Scaling an enterprise financial design system

TIAA's product groups were each rebuilding the same components a little differently. As the Experience Design Lead, I set the standards, the states, and the governance, then made the system easy enough to adopt that teams stopped forking it.

Company
TIAA
Role
Experience Design Lead
Industry
Financial services
Timeline
2023 – 2024
Every interactive component was specified across its full range of states, so behavior stayed consistent no matter which team built the screen.

Context

TIAA runs a large set of web and mobile products serving customers, advisors, and internal teams across retirement, banking, and investing. Multiple product groups were designing the same patterns in slightly different ways, which slowed delivery and made the experience feel inconsistent from one product to the next. The work set out to give every team a shared, dependable foundation to build on.

The problem

Duplicated components and one-off patterns meant teams rebuilt the same buttons, forms, and interaction models over and over. Quality varied, accessibility was uneven, and no one owned the shared patterns. The hard part was not drawing components. It was building a system flexible enough for very different products while keeping enough governance that it did not fragment the moment teams started using it.

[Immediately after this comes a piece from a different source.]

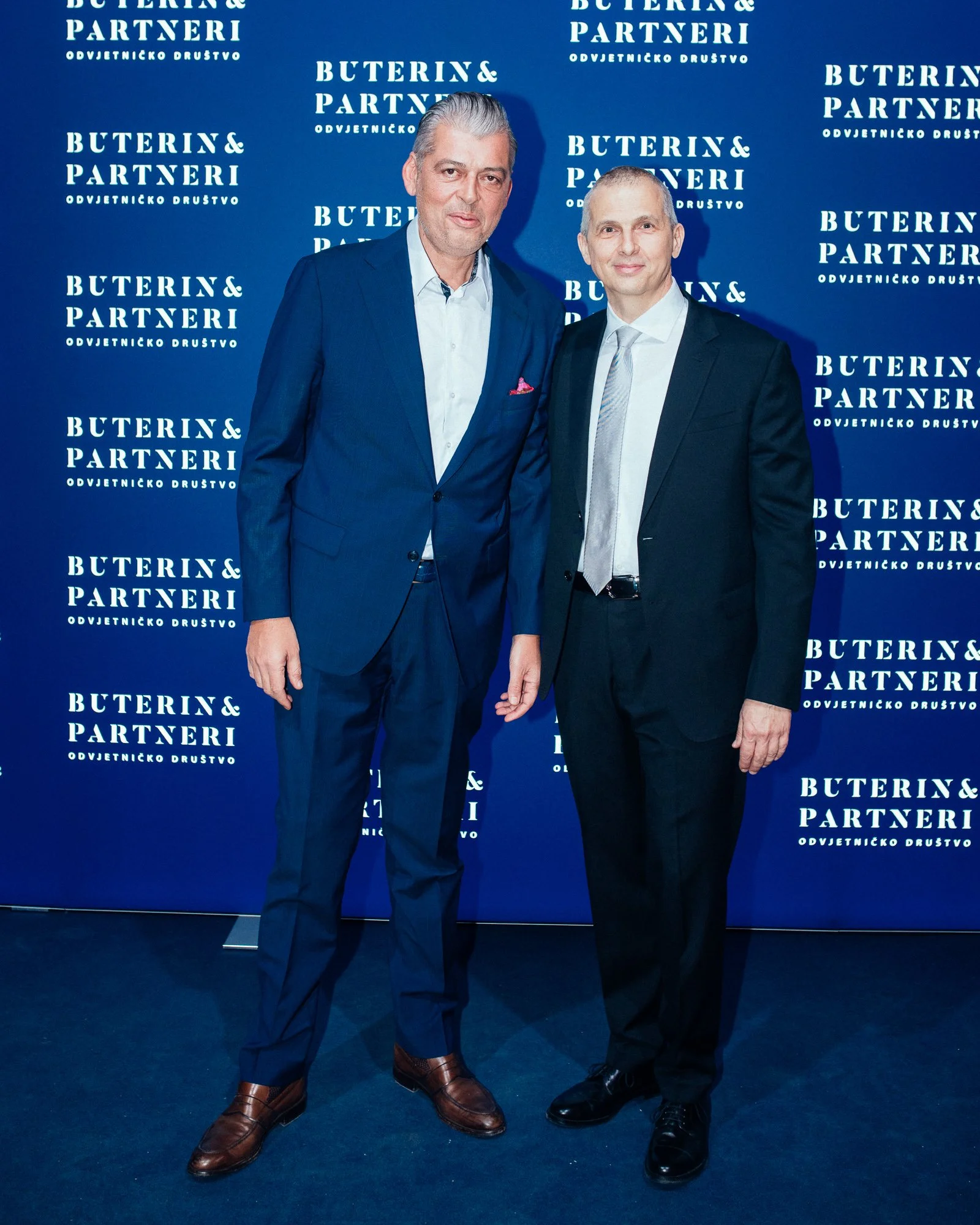 Two men in suits standing together in front of a blue backdrop with white text that reads 'BUTERIN & PARTNERI ODVJETNICKO DRUŠTVO'.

Components were built as themeable primitives, so one foundation could flex to different products without being rebuilt.

What I did

  • Led the design system across web and mobile products as Experience Design Lead
  • Set the component standards, states, and interaction patterns other designers built from
  • Partnered with designers across product teams to bring their components into one governed system
  • Worked with engineering and product leadership on governance, adoption, and roadmap

How I approached it

  • Audited the existing patterns across products to find the real overlaps and the true one-offs
  • Defined a contribution and ownership model so teams could extend the system without forking it
  • Documented usage, states, and accessibility expectations so adoption did not depend on a hallway conversation
  • Built components as reusable, themeable primitives rather than fixed screens
  • Held accessibility and responsive behavior as requirements, not enhancements
Documentation and a clear contribution model made the system something teams could adopt and extend on their own.

Key decisions

  • Gave every shared pattern a clear owner and contribution path, so it had a home and stopped drifting
  • Invested in documentation early, because a system only helps if people can adopt it without you in the room
  • Designed components to flex across very different products without fragmenting ownership
  • Chose long-term maintainability over short-term convenience, even when it slowed a single release

Systems & patterns

  • A component library with defined default, hover, focus, pressed, and disabled states
  • Interaction patterns and selection models teams could reuse across regulated products
  • Accessibility written into the component specs so it carried forward automatically
  • Documentation and a governance structure the internal team could maintain and extend

What shipped

A governed, reusable component and interaction-pattern system, with documentation and a contribution model designed for the internal team to maintain and extend after the initial work.

Reflection

The interesting challenge here was governance, not visuals. A system that is too rigid gets ignored; one that is too loose fragments within a quarter. Most of the work was finding that balance and making adoption easy enough that teams chose the system on its merits. It is a good example of how I think about design at scale: fewer, better decisions that hold up as more people build on them.